Mice is completely new, out of box yesterday, installed Synapse 2.0, updated Bios of mice succesfully, all was working, went to sleep, not turning off the computer in any way, when i got up there was no mice cursor on the monitor and mouse doesnt responded, restarted the computer, the same, mouse not working and even stoped to flashlight completely, i dont know what to do, maybe it is bios corrupted? then how i can flash the bios on mice? it was in razer synapse, now the mice not detect in synapse. please need some help.


----------



## JimE (Apr 16, 2009)

*Re: Razer Deathadder 2013 help, stoped working completely*

Likely faulty.

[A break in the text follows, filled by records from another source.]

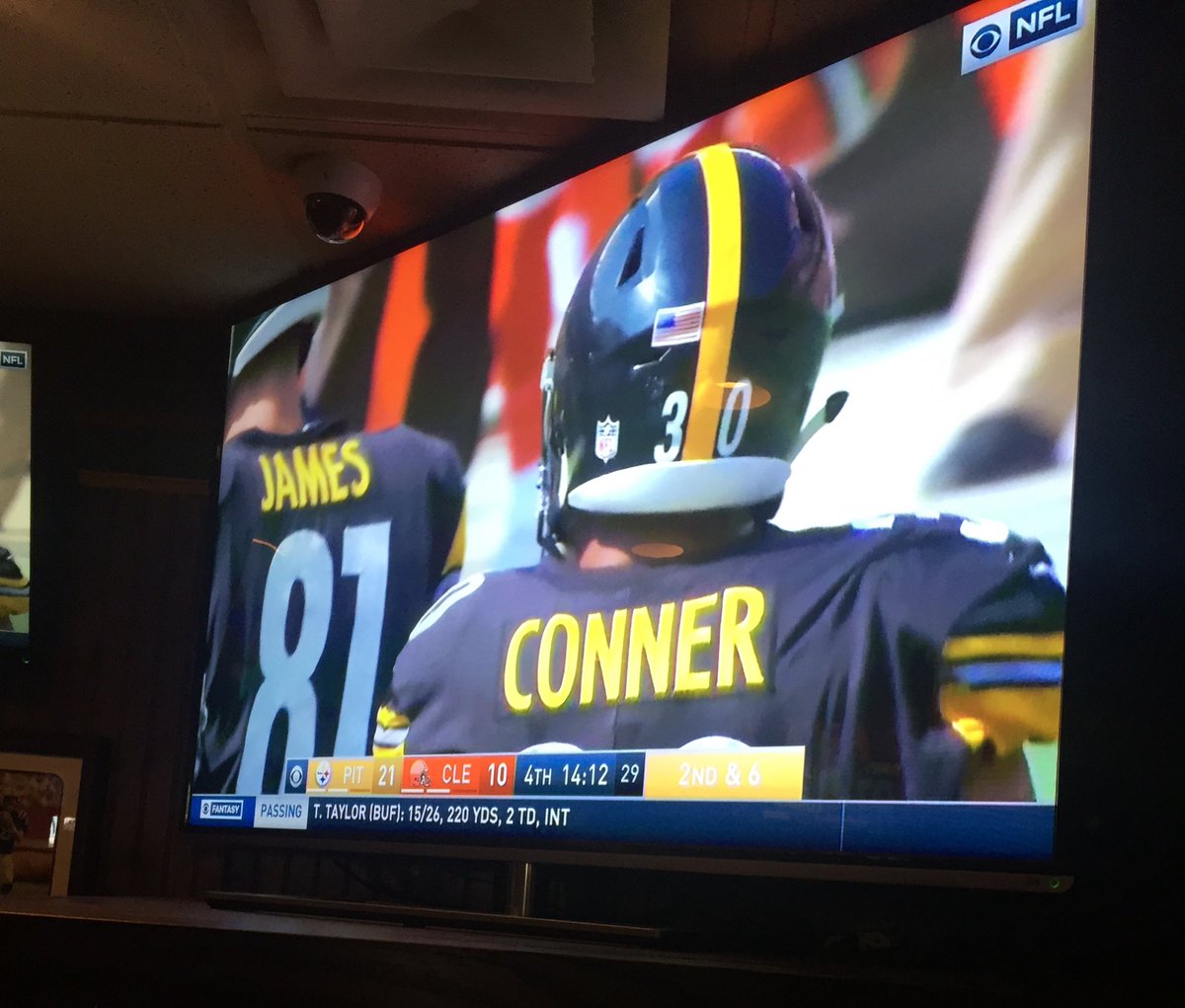 manderz343's tweet image. Honestly this was so cool to see. Forever a panther forever pitt proud  #FromPantherstoSteelers @JamesConner_ @steelers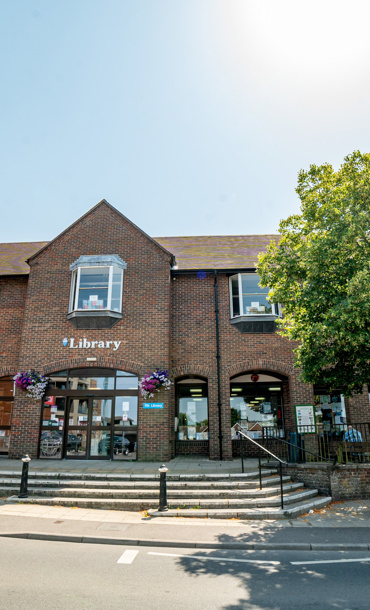 Photo of the outside of East Grinstead Library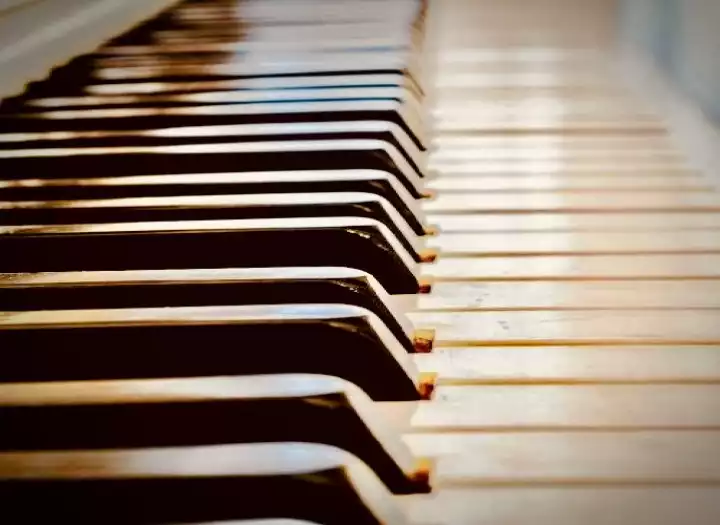 Piano Rhodes B3, STRINGS NEW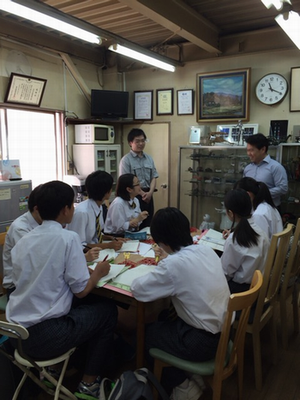 修学旅行プラモデル金型見学2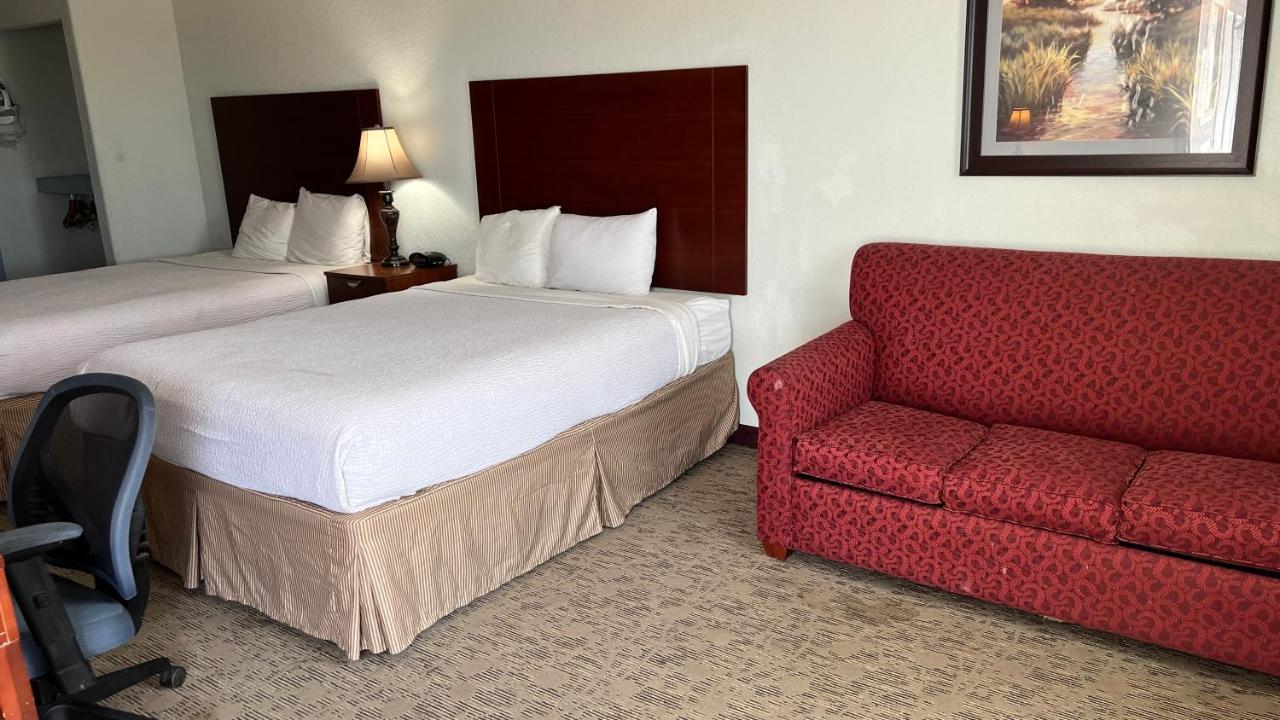 Hotel Bien Venido Pearsall ภายนอก รูปภาพ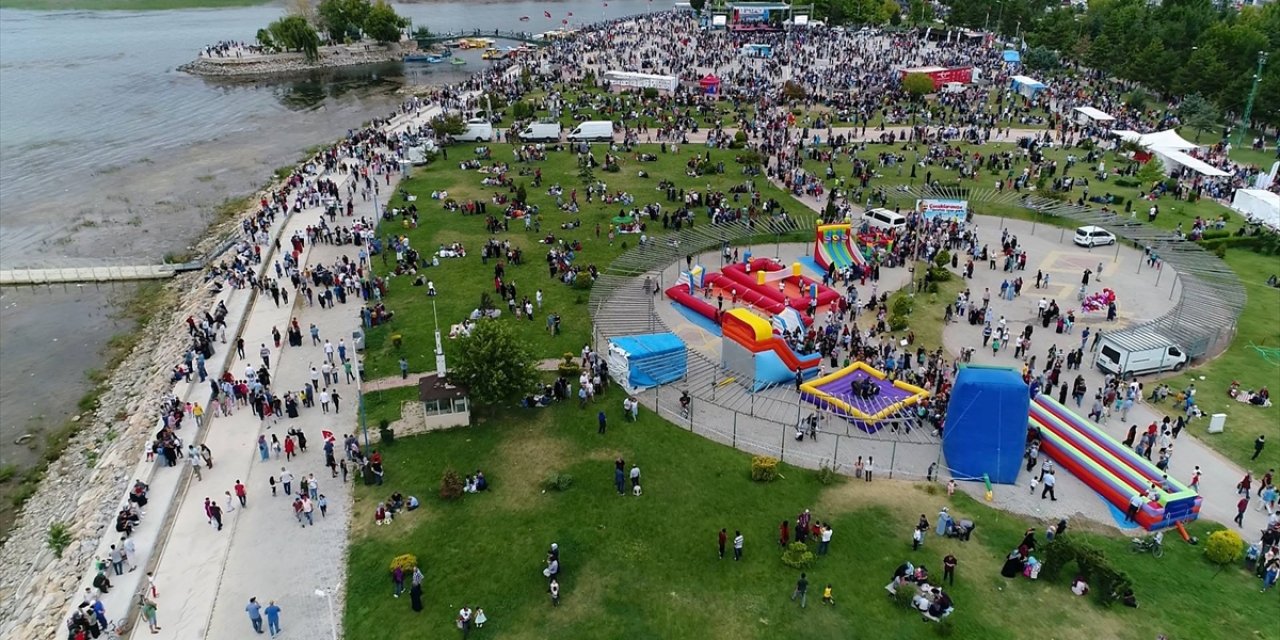 Konya, göl manzaralı festivale hazırlanıyor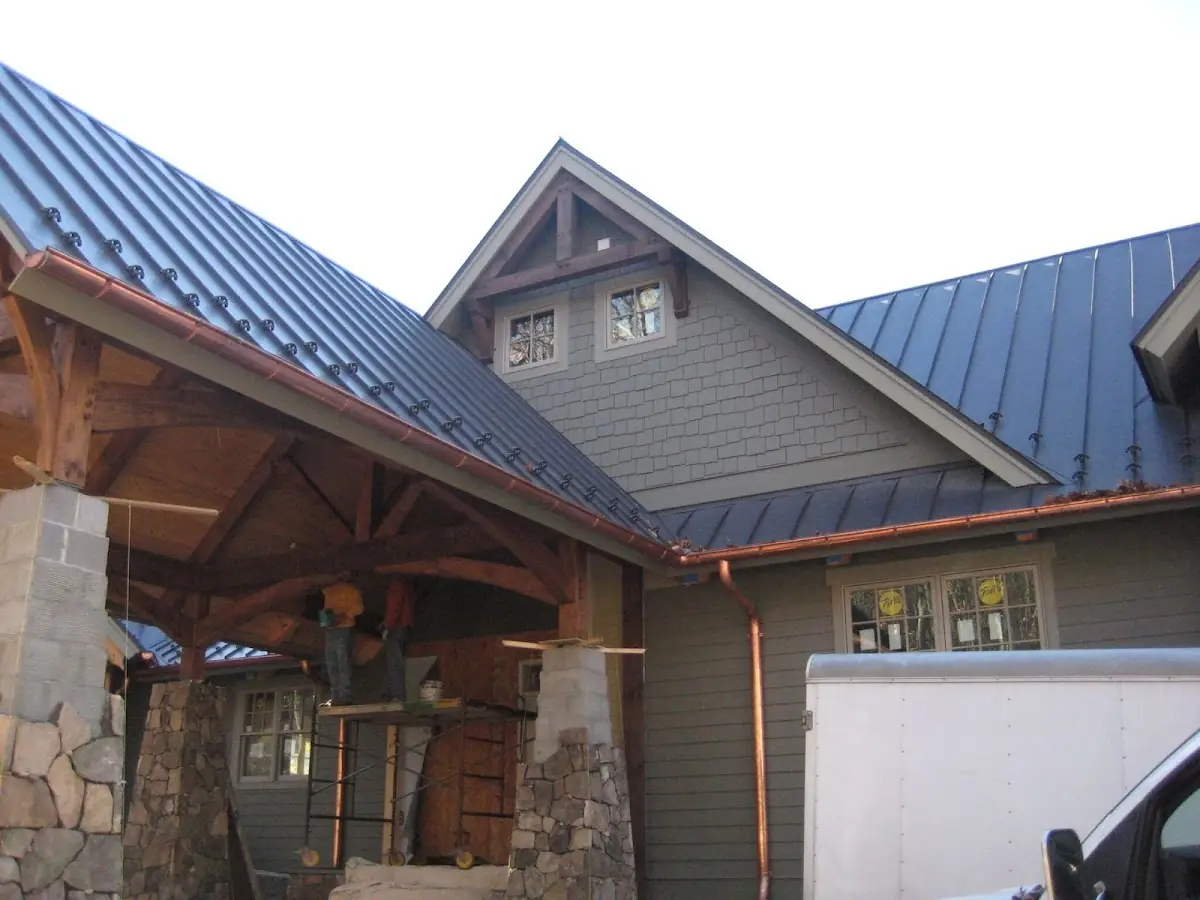 Craftsman Roofing team delivering quality roofing work in Carverdale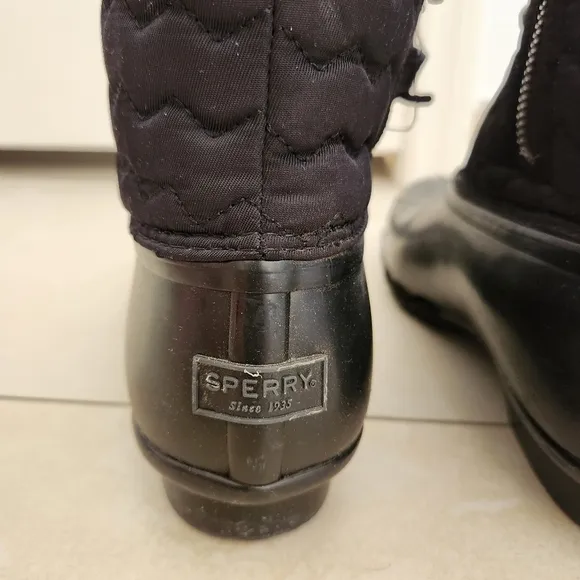 Sperry Cold Weather Puff Duck Boots . Size 10 msrp $110
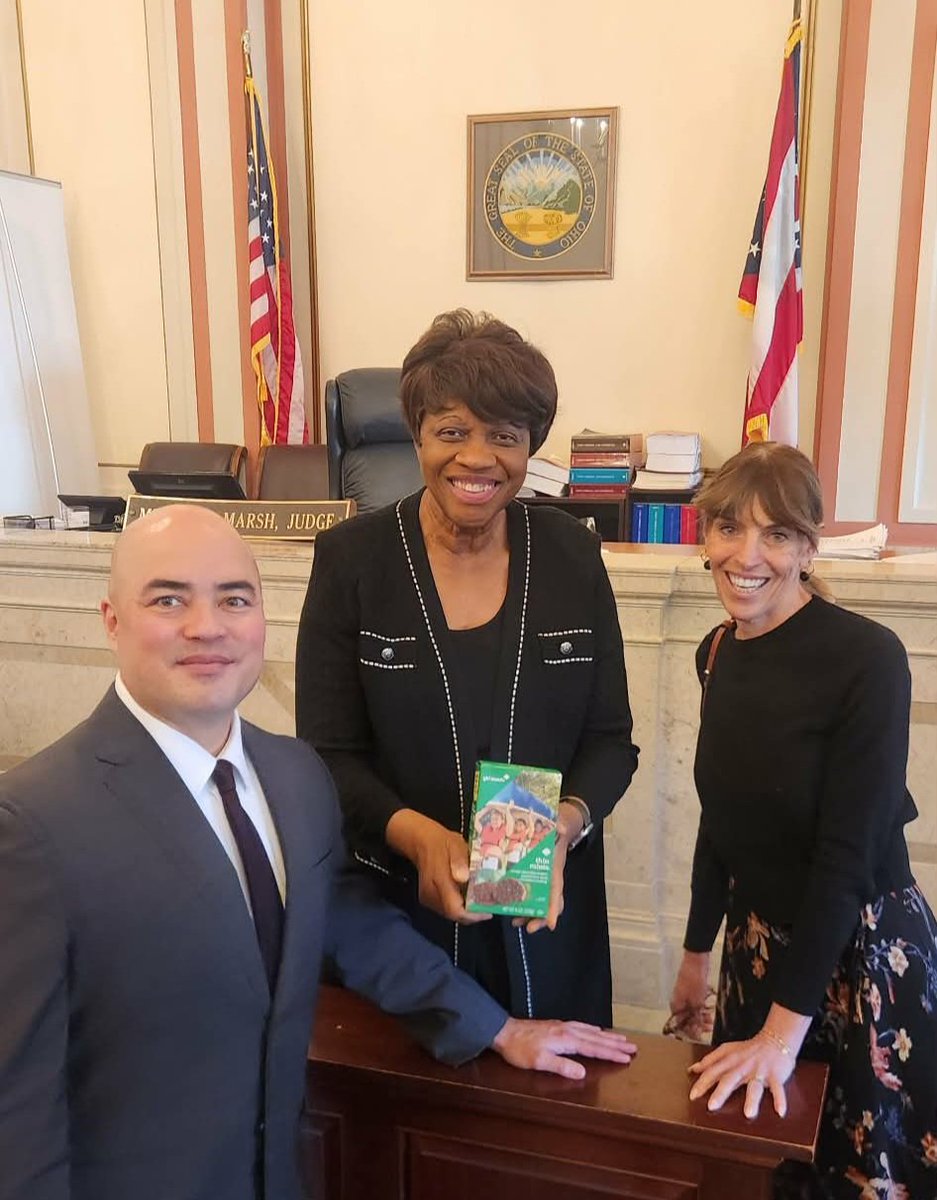 attorneybogen's tweet image. "COOKIE THIEF COULDN'T RESIST THIN MINTS"

This 2004 headline in the Cincinnati Enquirer by @SharonCoolidge was the start of a fun tradition with @JudgeMelba, who heard my infamous case involving 250 stolen boxes of Girl Scout Thin Mints. 😂

#GirlScoutCookies #ThinMints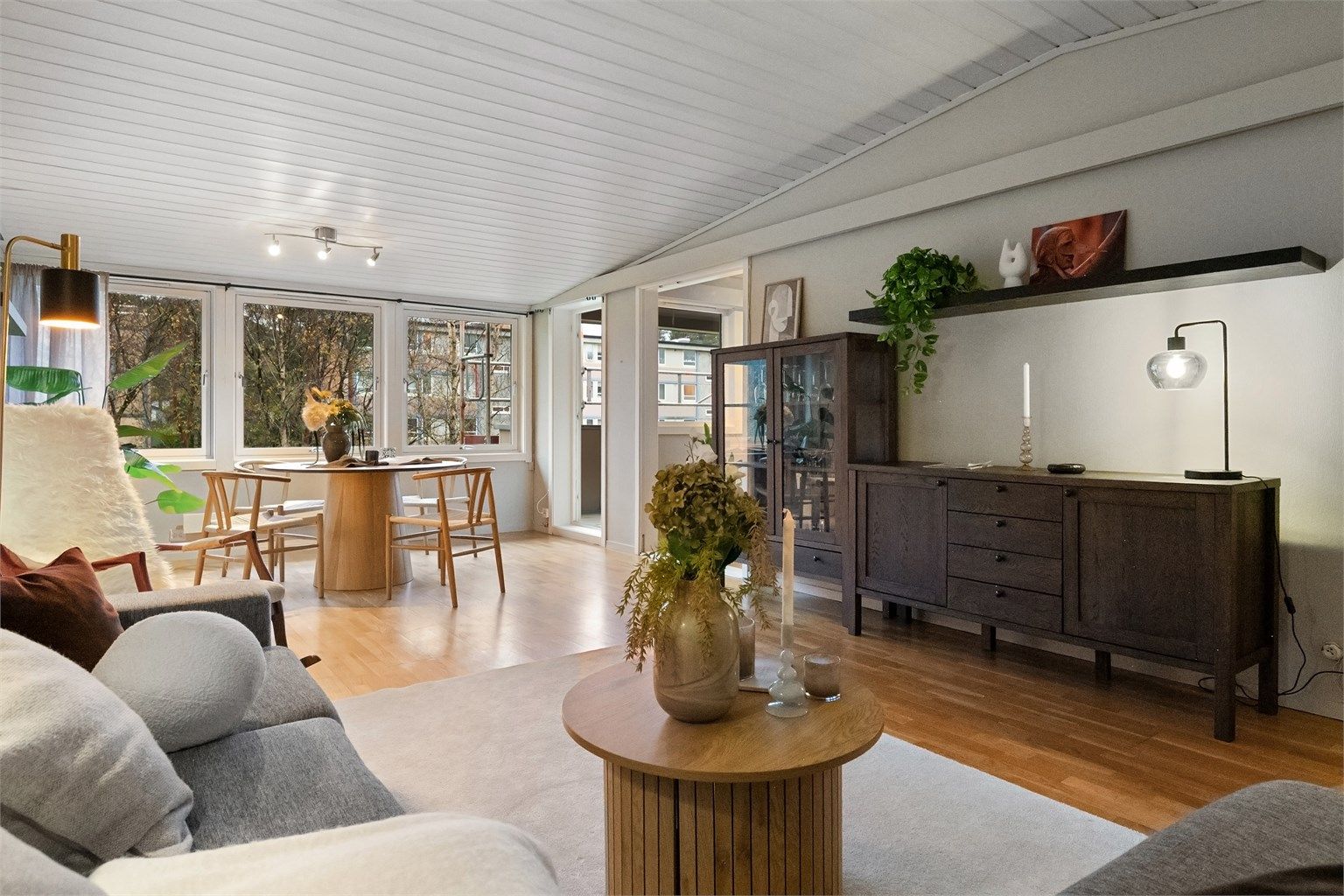 Stuen er meget romslig og har en praktisk utforming som bidrar til at man enkelt kan innrede med sofagruppe og spisebord i hver sin naturlige sone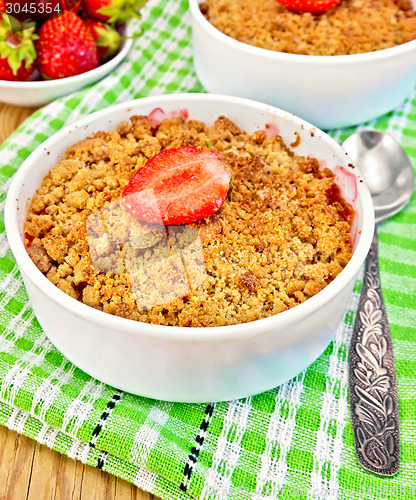 Image of Crumble strawberry on green napkin with spoon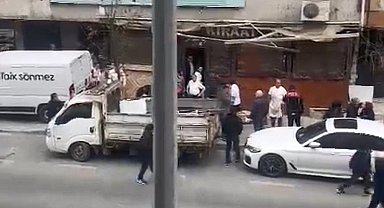 İstanbul - Kağıthane'de yük sepetinin halatı koptu: 1 yaralı - 1 la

It happens.

To confirm, test the mouse on a different PC.


----------



## ippa (Jun 14, 2013)

*Re: Razer Deathadder 2013 help, stoped working completely*

yeah, it was not faulty, it died from razer software, i think something because of bios etc. tried also on different computers, its dead, i will return it. thanks for the reply.


----------



## JimE (Apr 16, 2009)

More likely a fault, not firmware (what you are calling BIOS) related. Typically, if it were firmware related, it would have stopped working immediately after the update, not at some random time after.

Hardware fails all of the time, being "new" doesn't mean anything.


----------